WHAT YOU SHOULD DO: From the listing below, give again exactly the lines from the line with "Pedro Huggo se" to the line with "Women’s WICK coat", ends included, without any pictures.

EXCERPTED RECORDS:

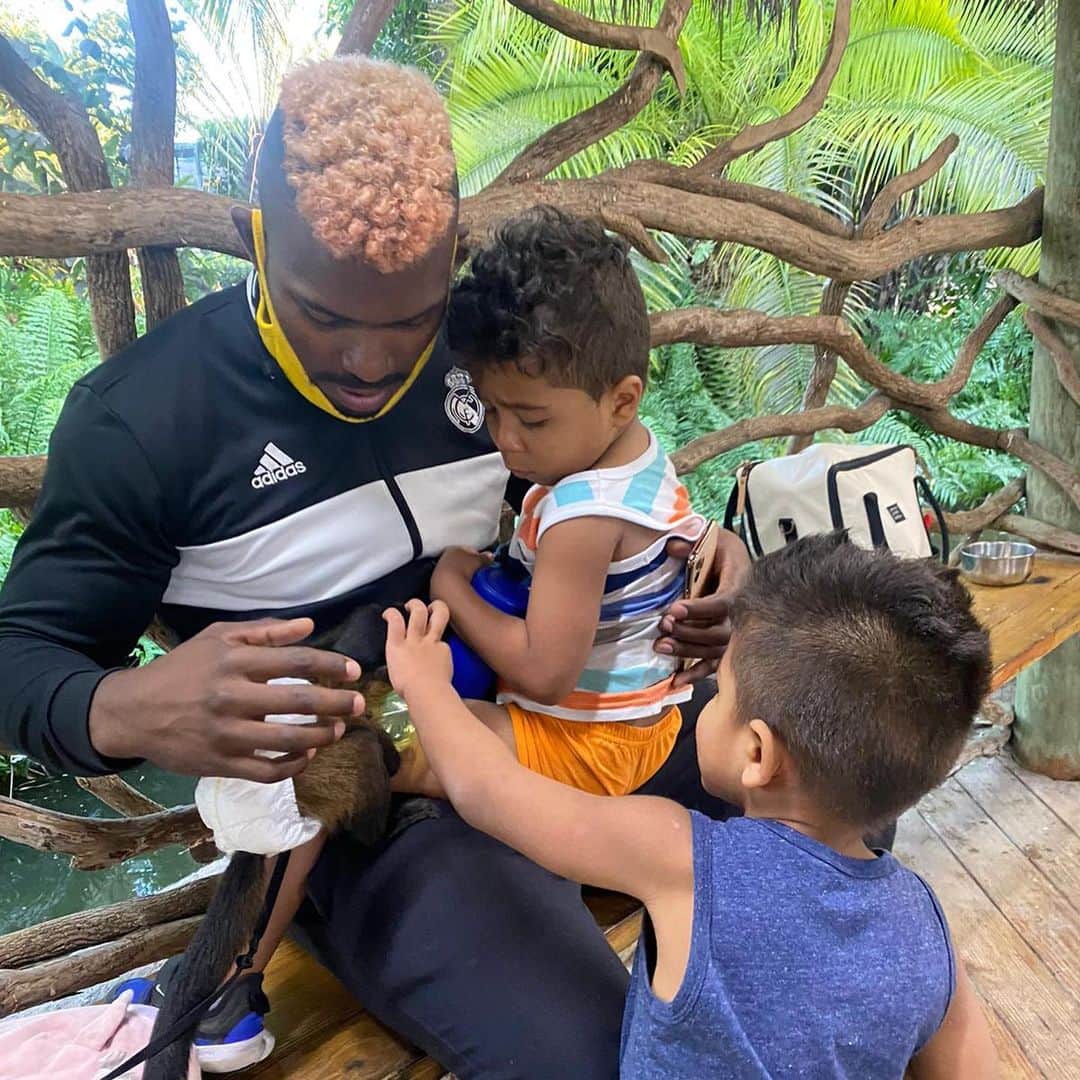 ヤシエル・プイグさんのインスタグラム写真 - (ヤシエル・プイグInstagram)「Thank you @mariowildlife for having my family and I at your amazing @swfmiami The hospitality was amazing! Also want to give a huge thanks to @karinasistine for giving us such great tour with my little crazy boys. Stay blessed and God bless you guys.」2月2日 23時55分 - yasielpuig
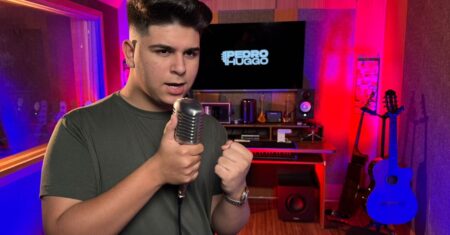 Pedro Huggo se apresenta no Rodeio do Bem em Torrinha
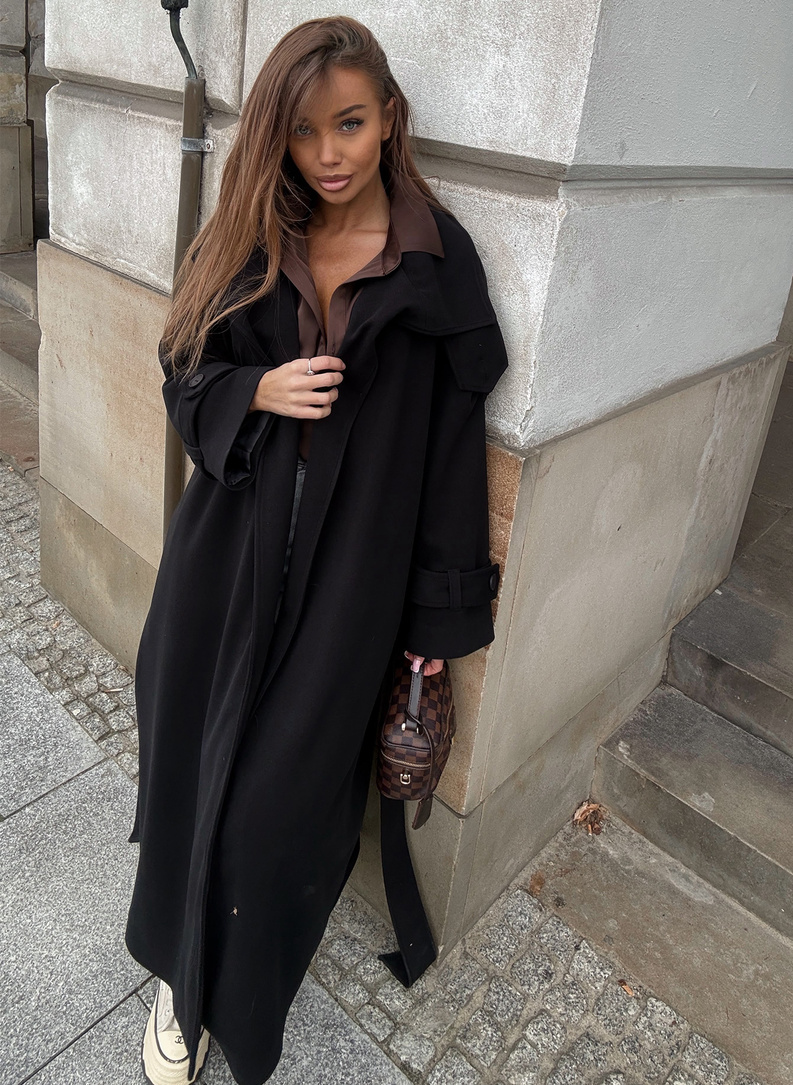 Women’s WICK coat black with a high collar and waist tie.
---
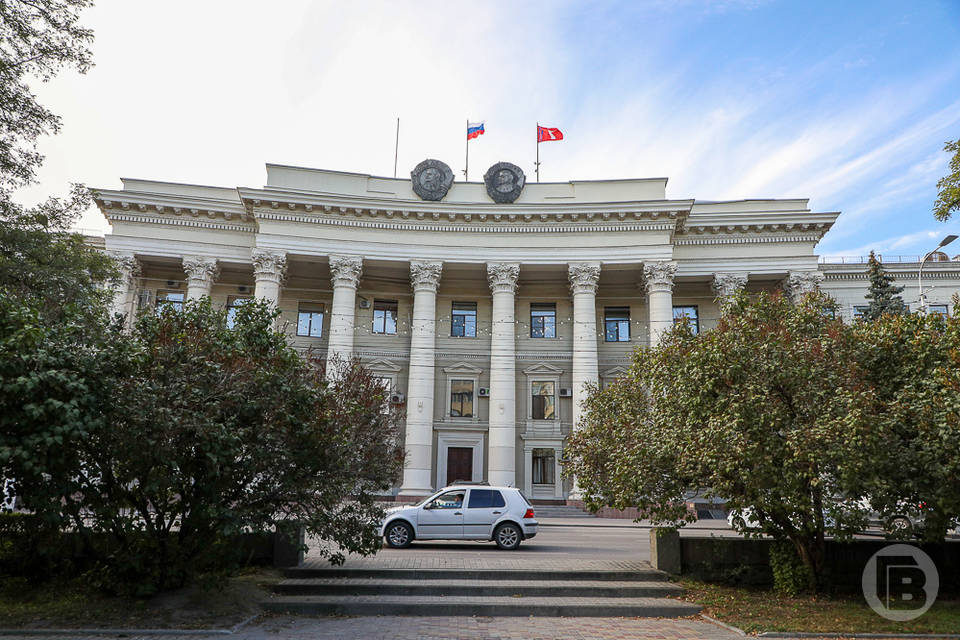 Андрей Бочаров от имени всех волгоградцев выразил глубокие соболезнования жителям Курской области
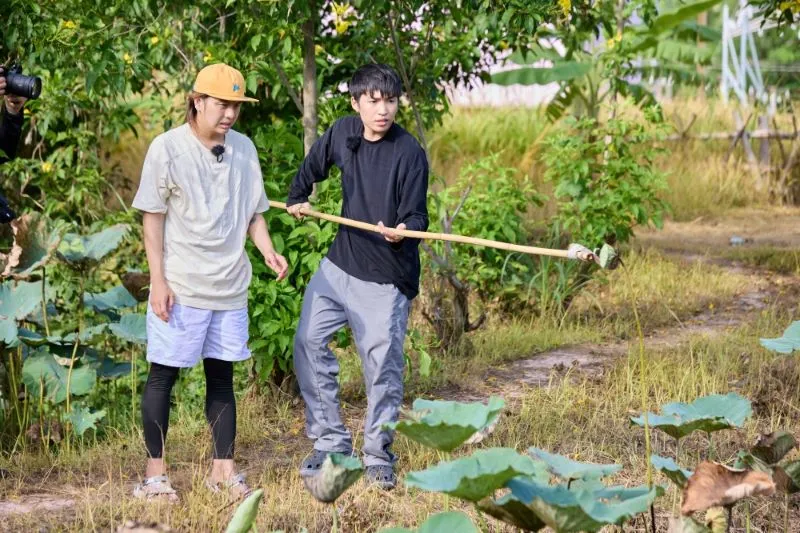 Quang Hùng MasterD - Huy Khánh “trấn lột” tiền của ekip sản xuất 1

SOLUTION TO THIS PROBLEM:
 Pedro Huggo se apresenta no Rodeio do Bem em Torrinha
 Women’s WICK coat black with a high collar and waist tie.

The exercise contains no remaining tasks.